• [What is required]
In your copy, leave out the pictures and output only the lines from the one holding "601 N Calhoun St, South Whitley, IN 46787" through the end of the data below, exactly.

• [Supplied material]
______________________________

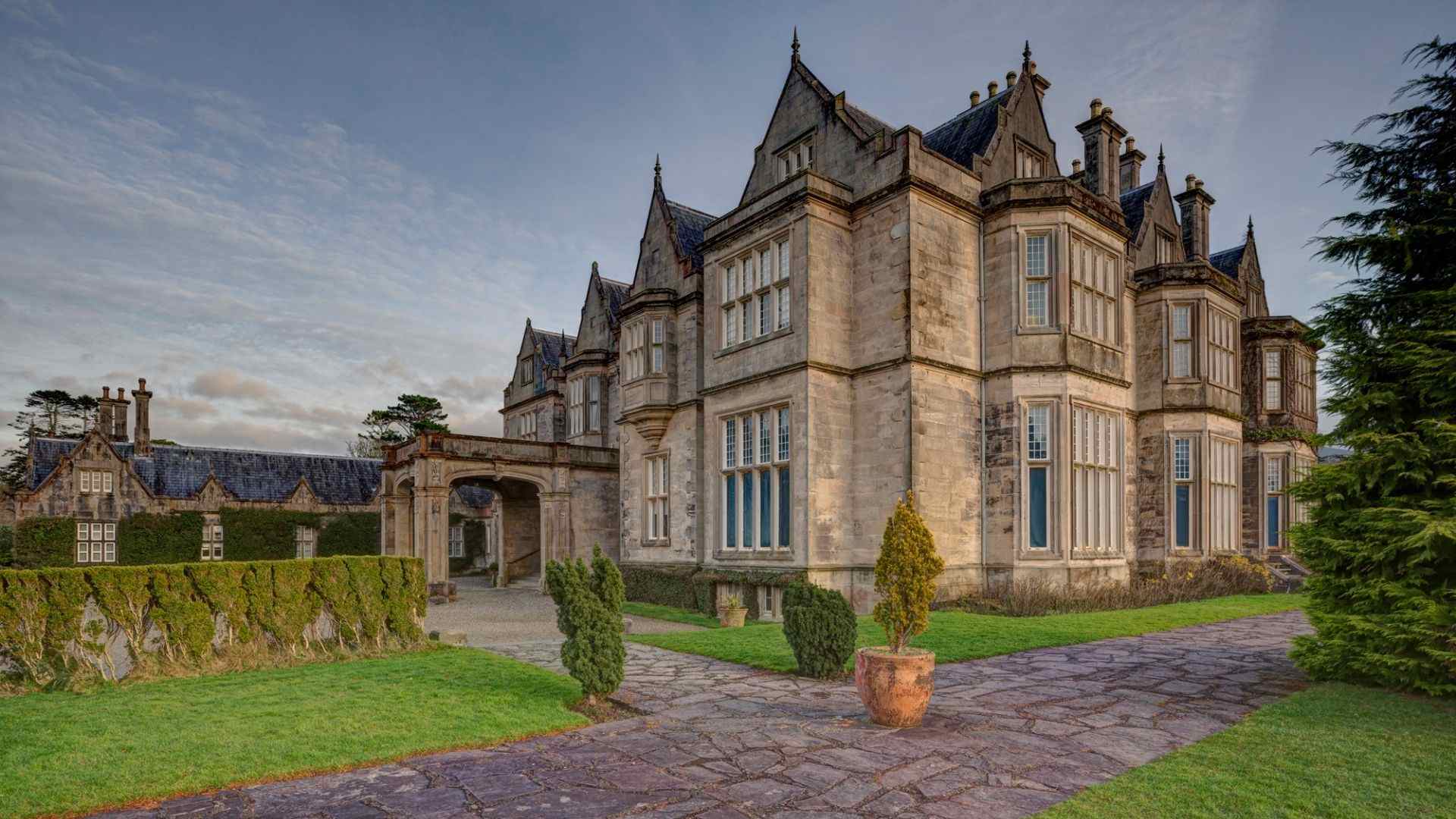 Muckross House 
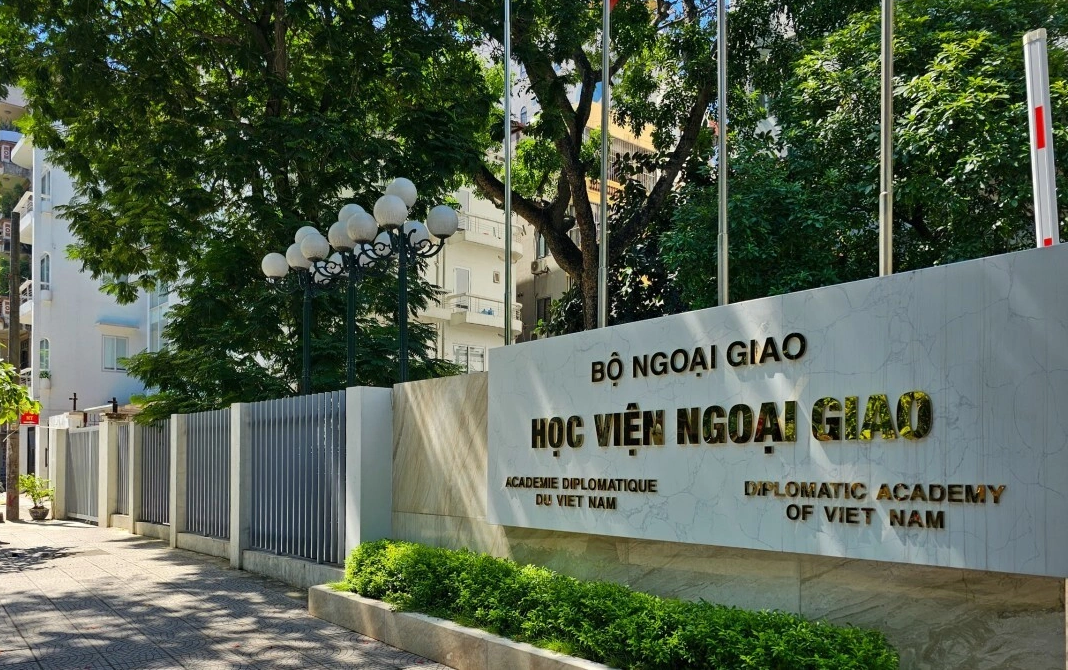 hv-ngoai-giao-1_1790586147.png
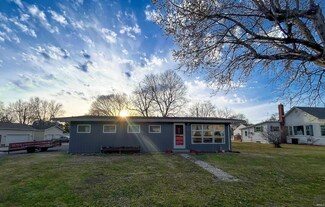 601 N Calhoun St, South Whitley, IN 46787
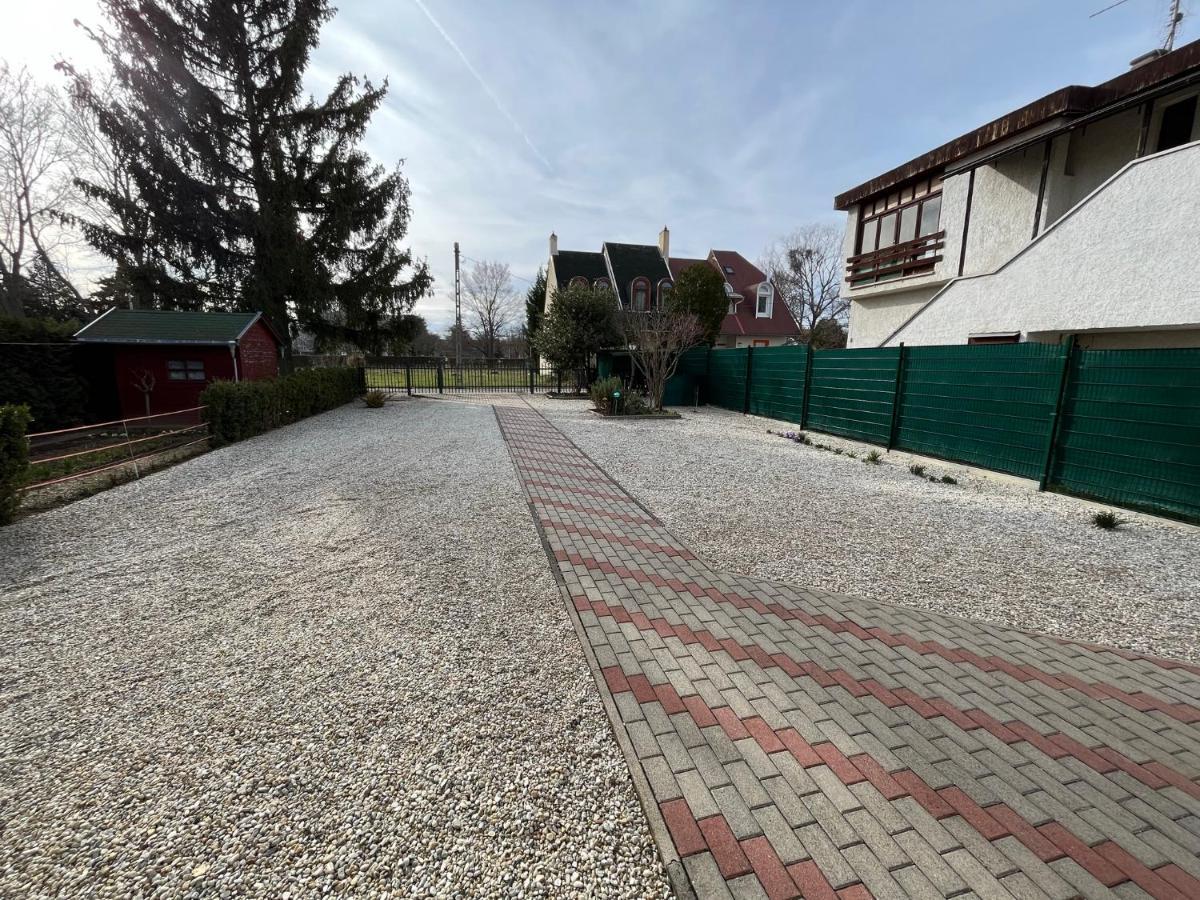 Karolin Apartman Бюк Экстерьер фото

______________________________

• [Answer to this problem]
 601 N Calhoun St, South Whitley, IN 46787
 Karolin Apartman Бюк Экстерьер фото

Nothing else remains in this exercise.